[Short web captions]

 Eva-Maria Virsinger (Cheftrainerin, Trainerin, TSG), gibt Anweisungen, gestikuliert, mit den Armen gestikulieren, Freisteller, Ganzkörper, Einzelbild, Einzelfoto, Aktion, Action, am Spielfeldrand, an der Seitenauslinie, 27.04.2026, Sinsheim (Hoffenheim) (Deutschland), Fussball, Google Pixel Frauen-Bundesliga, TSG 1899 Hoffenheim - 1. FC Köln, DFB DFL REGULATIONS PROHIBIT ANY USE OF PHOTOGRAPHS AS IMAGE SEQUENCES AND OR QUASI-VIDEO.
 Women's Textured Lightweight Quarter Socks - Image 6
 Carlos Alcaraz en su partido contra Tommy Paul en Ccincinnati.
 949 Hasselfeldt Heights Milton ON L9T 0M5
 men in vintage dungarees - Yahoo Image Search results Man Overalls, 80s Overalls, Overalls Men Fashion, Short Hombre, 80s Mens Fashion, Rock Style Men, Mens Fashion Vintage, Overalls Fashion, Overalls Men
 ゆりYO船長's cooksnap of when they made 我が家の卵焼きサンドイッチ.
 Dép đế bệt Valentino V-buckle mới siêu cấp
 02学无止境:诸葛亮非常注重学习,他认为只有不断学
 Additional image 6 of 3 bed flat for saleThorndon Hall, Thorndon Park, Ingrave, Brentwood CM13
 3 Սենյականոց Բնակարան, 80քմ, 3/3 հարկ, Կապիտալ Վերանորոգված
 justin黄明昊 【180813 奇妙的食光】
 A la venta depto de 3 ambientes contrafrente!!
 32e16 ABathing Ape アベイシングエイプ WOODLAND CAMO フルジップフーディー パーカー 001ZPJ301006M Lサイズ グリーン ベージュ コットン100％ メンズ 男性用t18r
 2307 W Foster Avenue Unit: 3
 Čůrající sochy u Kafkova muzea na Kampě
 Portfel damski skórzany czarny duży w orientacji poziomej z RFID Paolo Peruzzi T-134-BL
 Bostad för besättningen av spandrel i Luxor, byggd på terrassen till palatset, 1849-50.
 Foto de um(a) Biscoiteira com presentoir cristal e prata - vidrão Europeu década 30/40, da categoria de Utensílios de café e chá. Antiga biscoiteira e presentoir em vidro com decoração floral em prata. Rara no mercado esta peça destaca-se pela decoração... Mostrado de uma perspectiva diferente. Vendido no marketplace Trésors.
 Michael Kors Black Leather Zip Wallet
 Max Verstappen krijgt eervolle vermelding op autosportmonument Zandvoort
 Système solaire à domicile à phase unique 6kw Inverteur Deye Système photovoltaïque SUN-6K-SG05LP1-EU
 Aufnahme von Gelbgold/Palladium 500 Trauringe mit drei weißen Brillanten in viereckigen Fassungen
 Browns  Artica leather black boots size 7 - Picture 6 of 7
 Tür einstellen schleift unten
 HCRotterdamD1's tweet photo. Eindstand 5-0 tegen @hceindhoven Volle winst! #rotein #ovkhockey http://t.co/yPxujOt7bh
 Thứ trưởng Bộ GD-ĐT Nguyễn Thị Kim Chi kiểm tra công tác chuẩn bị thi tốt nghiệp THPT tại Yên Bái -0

WHAT THE TASK ASKS:
The response must consist solely of the lines from the top of the records through the line holding "Women's Textured Lightweight", copied word for word.

ANSWER TO THE PROBLEM:
 Eva-Maria Virsinger (Cheftrainerin, Trainerin, TSG), gibt Anweisungen, gestikuliert, mit den Armen gestikulieren, Freisteller, Ganzkörper, Einzelbild, Einzelfoto, Aktion, Action, am Spielfeldrand, an der Seitenauslinie, 27.04.2026, Sinsheim (Hoffenheim) (Deutschland), Fussball, Google Pixel Frauen-Bundesliga, TSG 1899 Hoffenheim - 1. FC Köln, DFB DFL REGULATIONS PROHIBIT ANY USE OF PHOTOGRAPHS AS IMAGE SEQUENCES AND OR QUASI-VIDEO.
 Women's Textured Lightweight Quarter Socks - Image 6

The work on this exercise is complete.